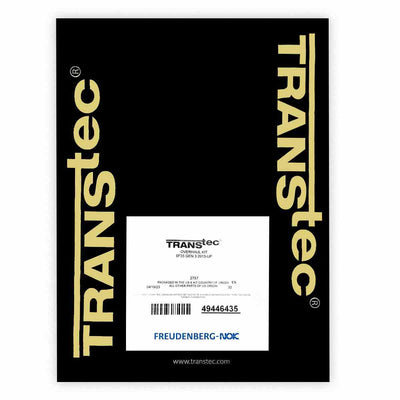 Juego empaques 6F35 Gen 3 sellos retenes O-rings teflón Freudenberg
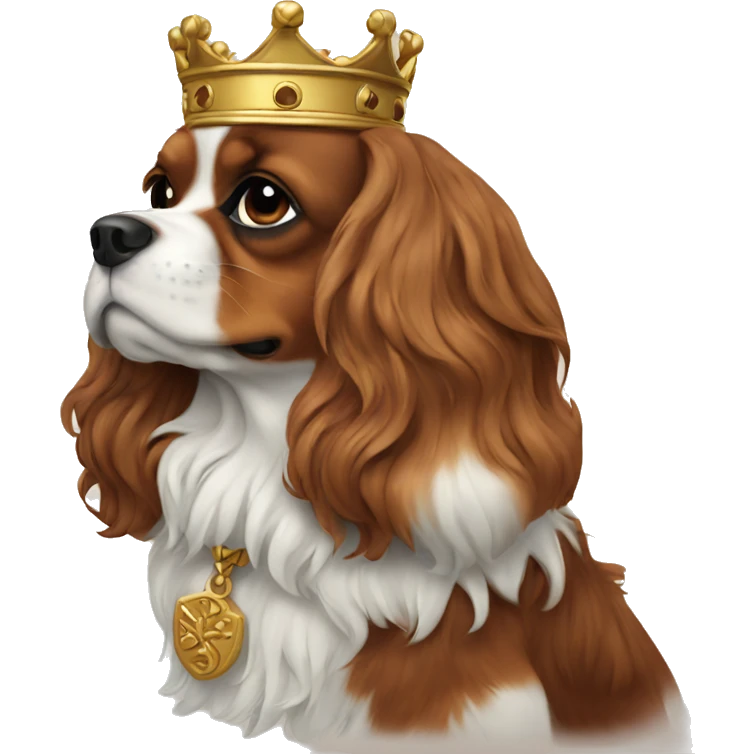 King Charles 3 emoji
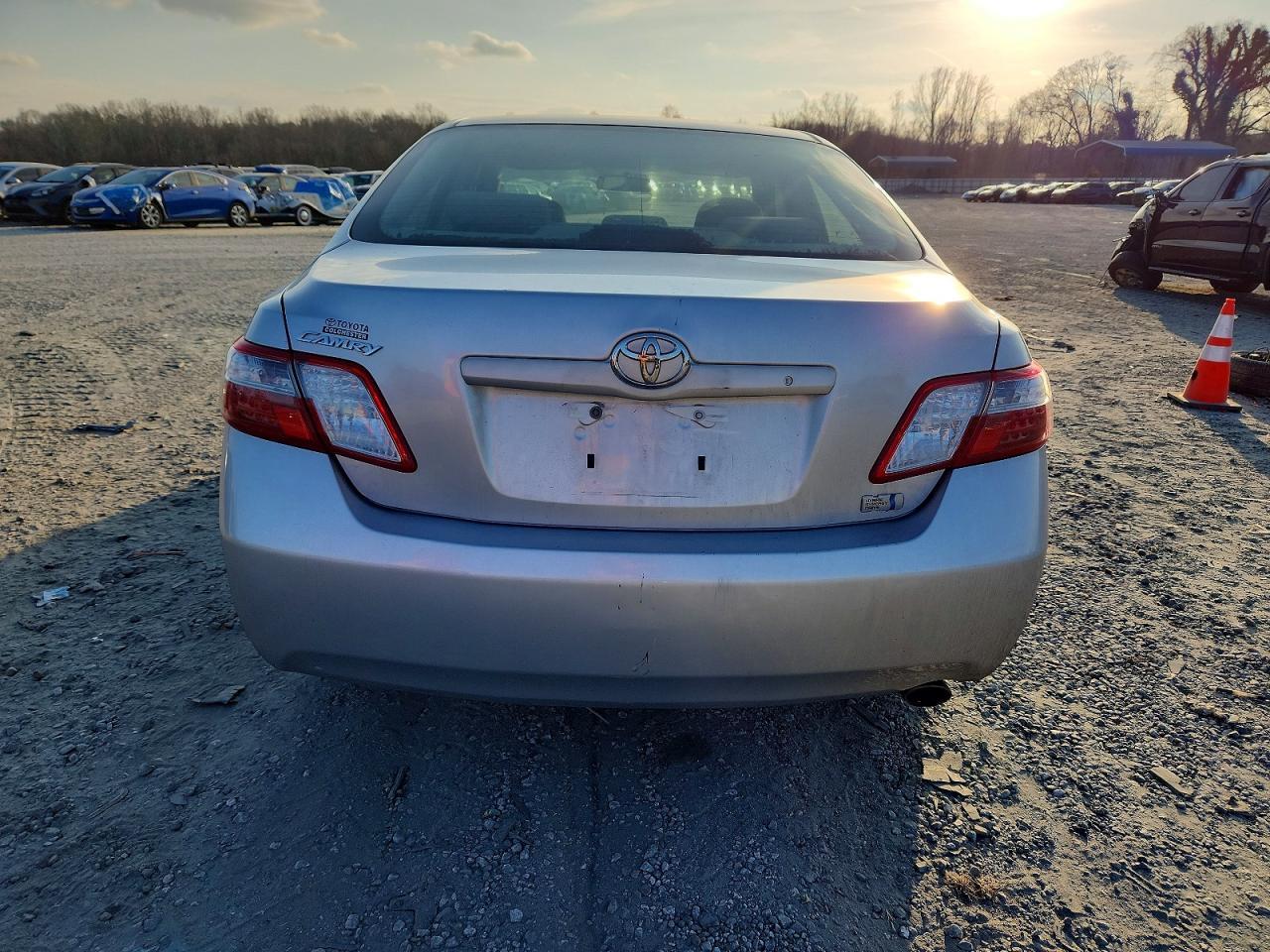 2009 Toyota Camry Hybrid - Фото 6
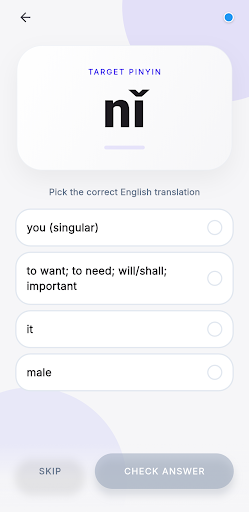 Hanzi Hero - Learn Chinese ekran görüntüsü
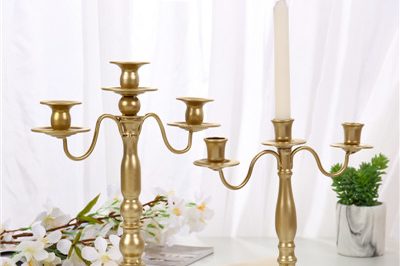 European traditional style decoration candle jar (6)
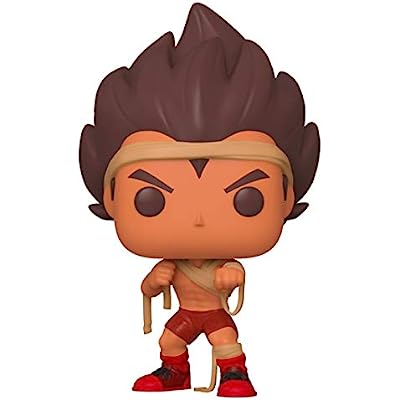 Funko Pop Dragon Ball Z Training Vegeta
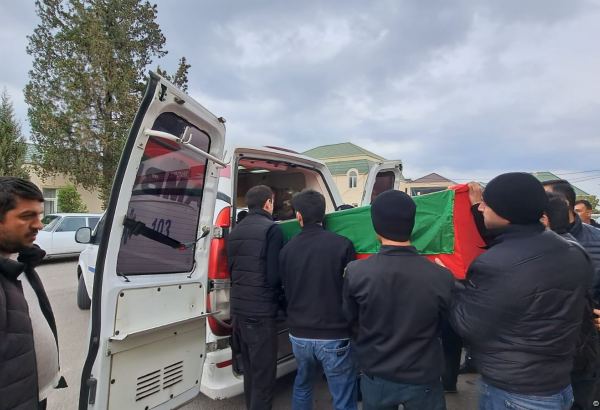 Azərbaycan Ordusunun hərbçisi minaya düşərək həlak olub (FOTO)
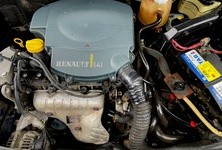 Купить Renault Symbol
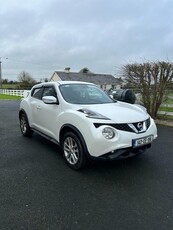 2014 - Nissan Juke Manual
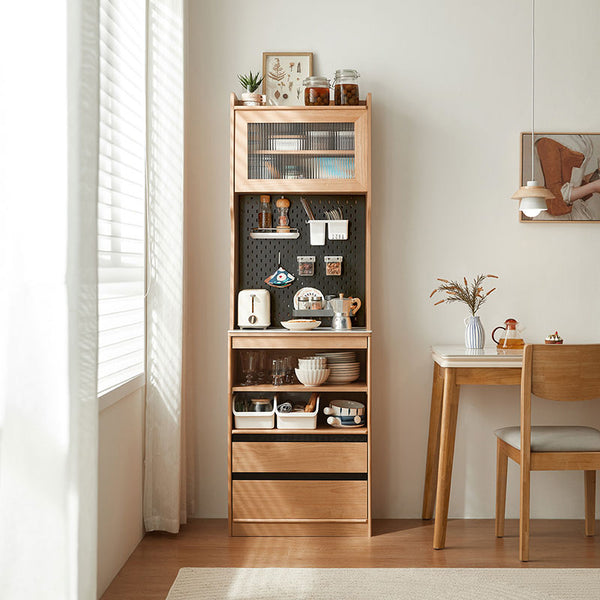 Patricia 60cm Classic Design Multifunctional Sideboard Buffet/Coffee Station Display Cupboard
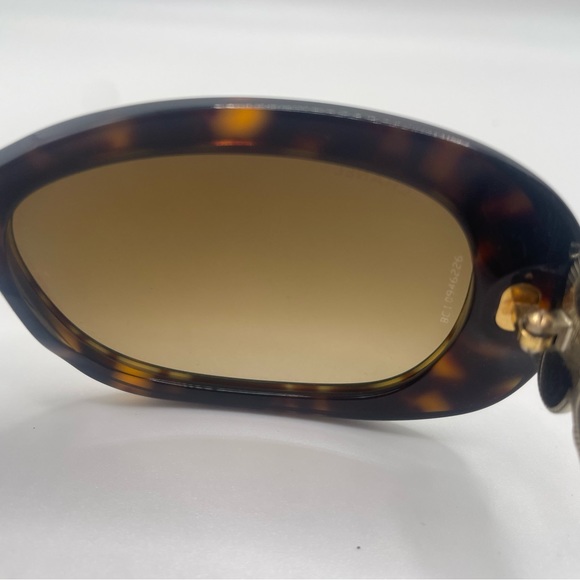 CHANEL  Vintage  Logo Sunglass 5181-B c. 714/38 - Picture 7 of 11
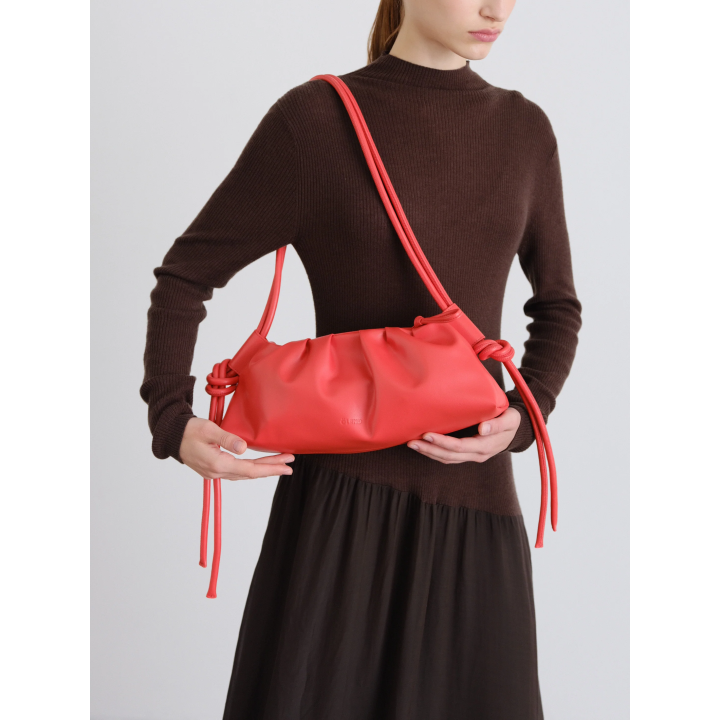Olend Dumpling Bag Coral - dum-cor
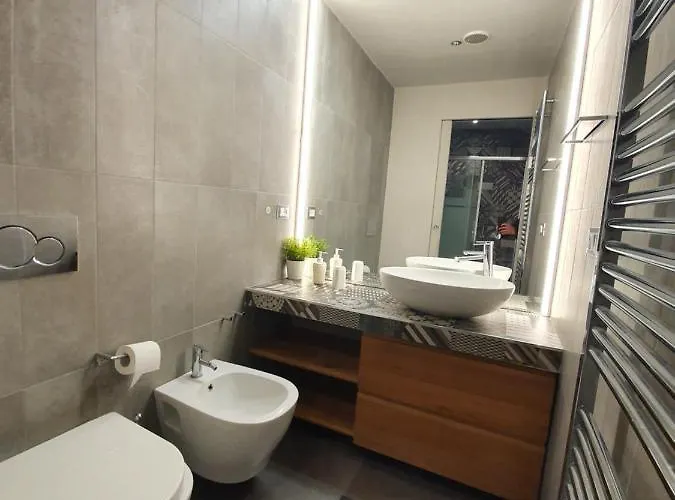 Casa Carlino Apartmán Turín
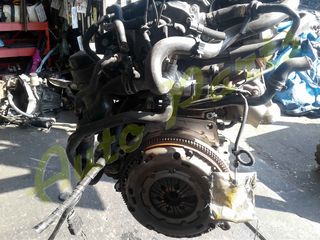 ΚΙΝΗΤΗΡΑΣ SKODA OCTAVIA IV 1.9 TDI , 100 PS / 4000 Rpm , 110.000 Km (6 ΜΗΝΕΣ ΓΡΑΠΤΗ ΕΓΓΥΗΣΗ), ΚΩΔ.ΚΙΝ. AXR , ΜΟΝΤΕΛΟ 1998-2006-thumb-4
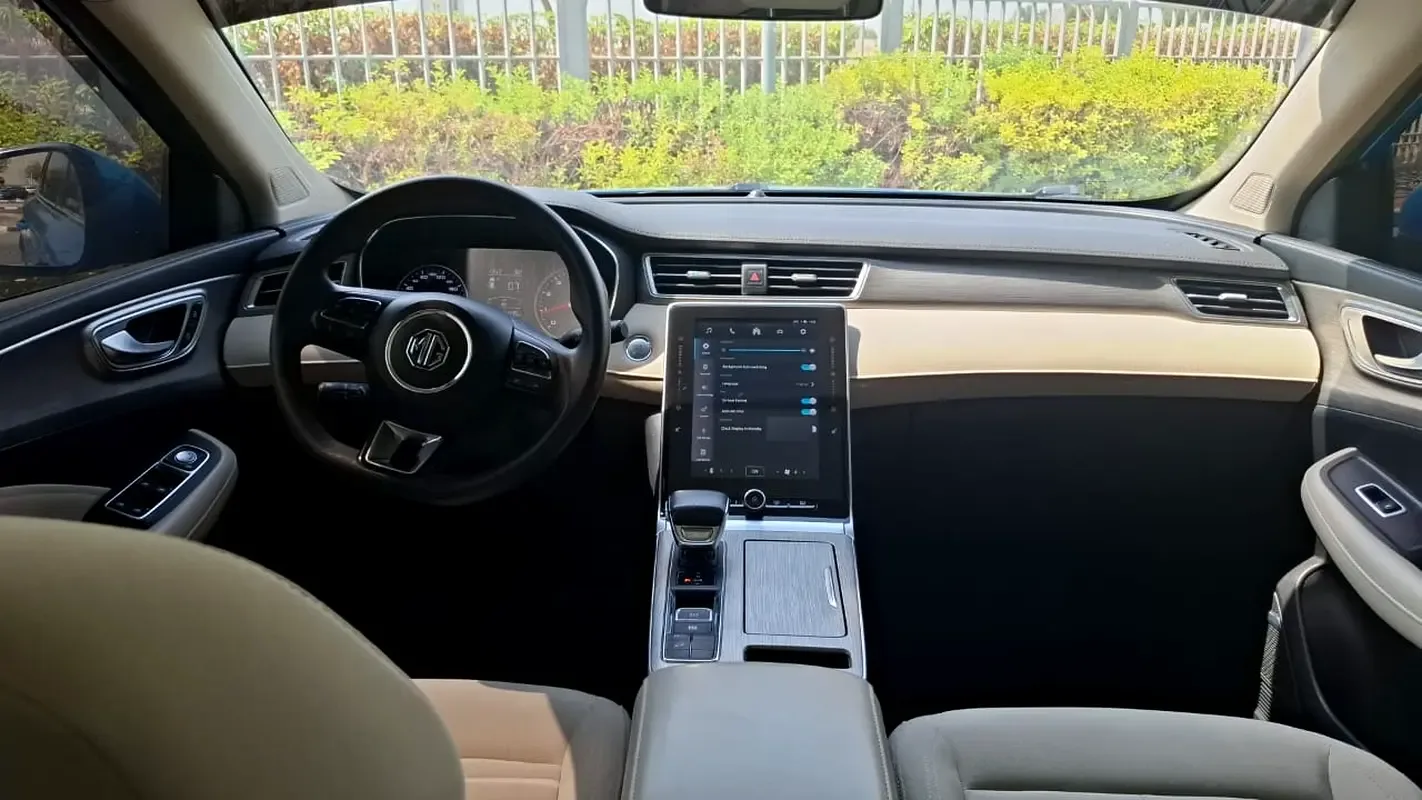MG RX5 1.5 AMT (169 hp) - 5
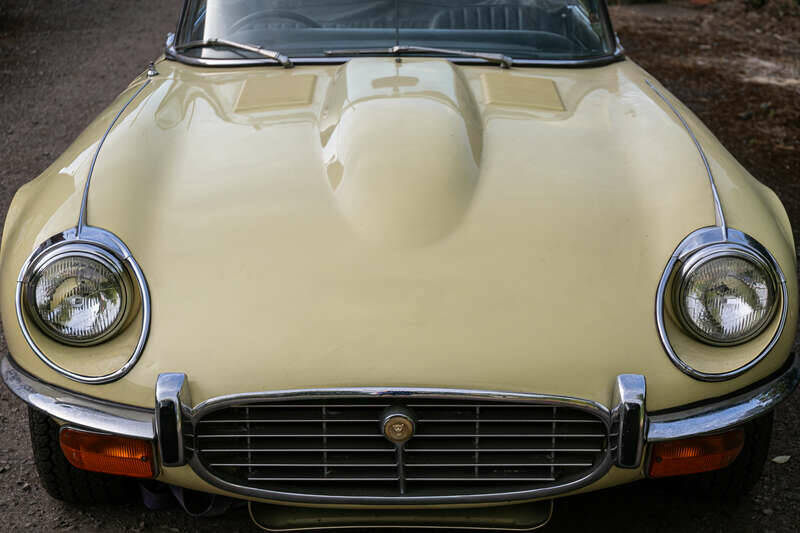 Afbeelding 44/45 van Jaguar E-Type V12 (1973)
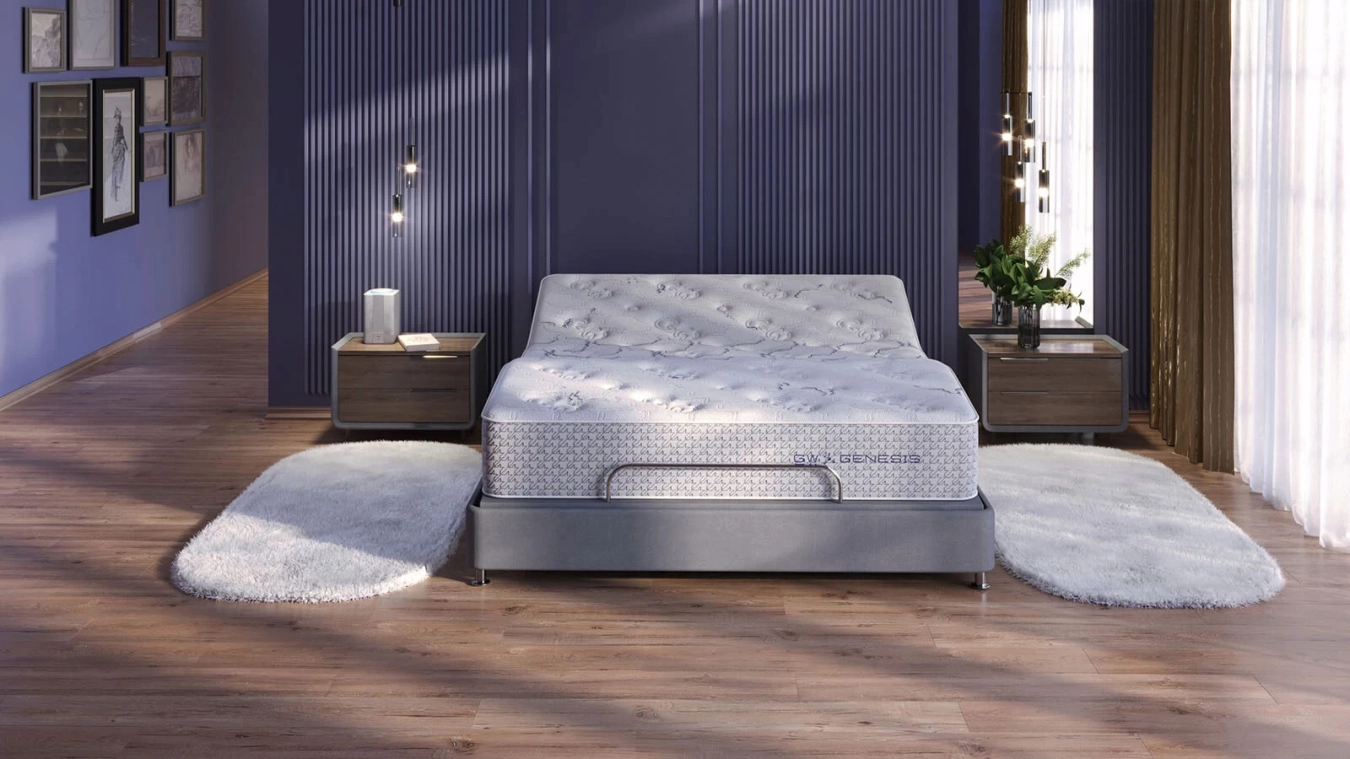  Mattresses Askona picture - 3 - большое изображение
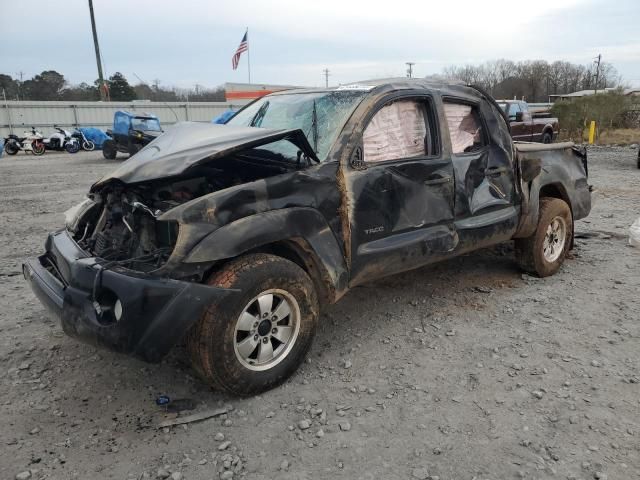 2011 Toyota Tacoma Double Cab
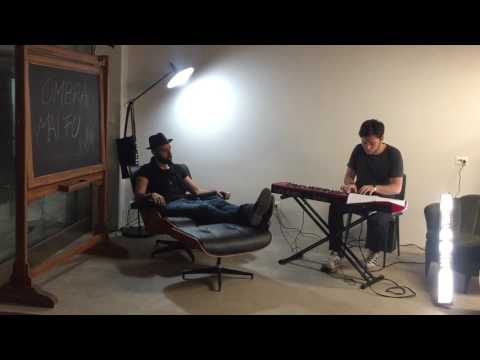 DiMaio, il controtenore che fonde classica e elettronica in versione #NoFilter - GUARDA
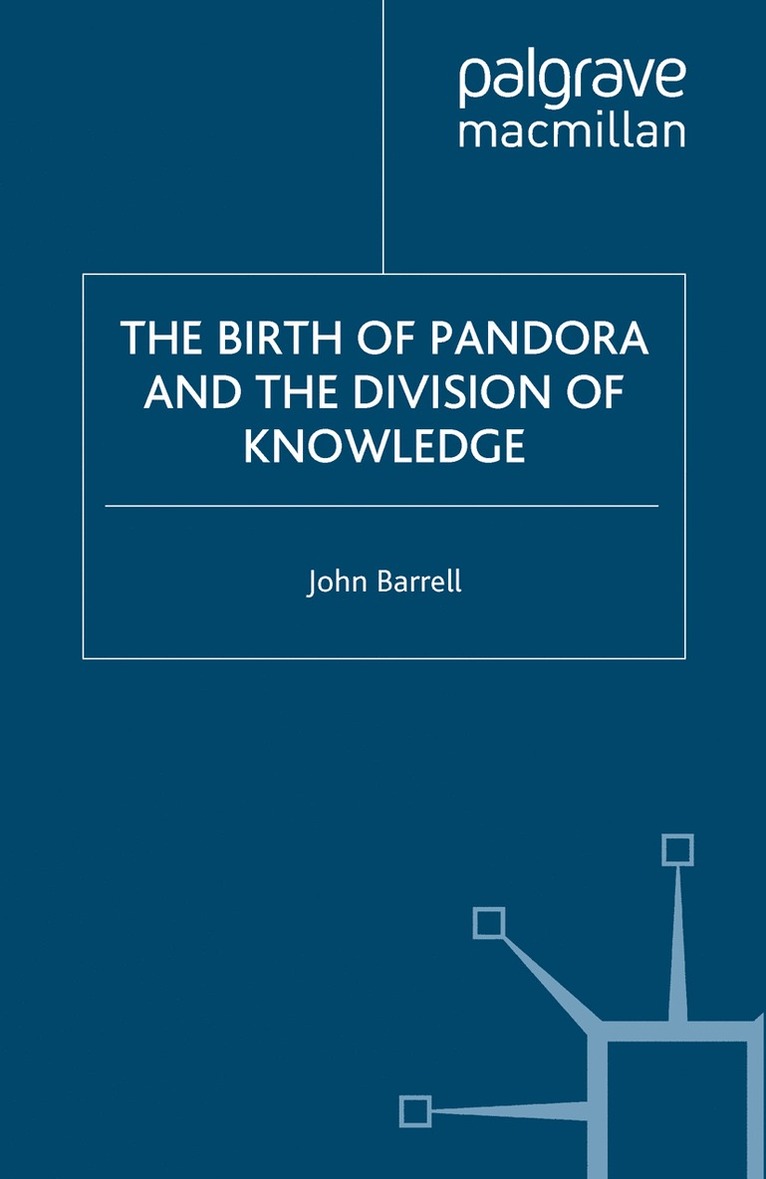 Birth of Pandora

----------

Return an exact transcription of the material, with its pictures left out.

SOLUTION TO THIS PROBLEM:
 Juego empaques 6F35 Gen 3 sellos retenes O-rings teflón Freudenberg
 King Charles 3 emoji
 2009 Toyota Camry Hybrid - Фото 6
 Hanzi Hero - Learn Chinese ekran görüntüsü
 European traditional style decoration candle jar (6)
 Funko Pop Dragon Ball Z Training Vegeta
 Azərbaycan Ordusunun hərbçisi minaya düşərək həlak olub (FOTO)
 Купить Renault Symbol
 2014 - Nissan Juke Manual
 Patricia 60cm Classic Design Multifunctional Sideboard Buffet/Coffee Station Display Cupboard
 CHANEL  Vintage  Logo Sunglass 5181-B c. 714/38 - Picture 7 of 11
Olend Dumpling Bag Coral - dum-cor
 Casa Carlino Apartmán Turín
 ΚΙΝΗΤΗΡΑΣ SKODA OCTAVIA IV 1.9 TDI , 100 PS / 4000 Rpm , 110.000 Km (6 ΜΗΝΕΣ ΓΡΑΠΤΗ ΕΓΓΥΗΣΗ), ΚΩΔ.ΚΙΝ. AXR , ΜΟΝΤΕΛΟ 1998-2006-thumb-4
MG RX5 1.5 AMT (169 hp) - 5
 Afbeelding 44/45 van Jaguar E-Type V12 (1973)
  Mattresses Askona picture - 3 - большое изображение
 2011 Toyota Tacoma Double Cab
 DiMaio, il controtenore che fonde classica e elettronica in versione #NoFilter - GUARDA
 Birth of Pandora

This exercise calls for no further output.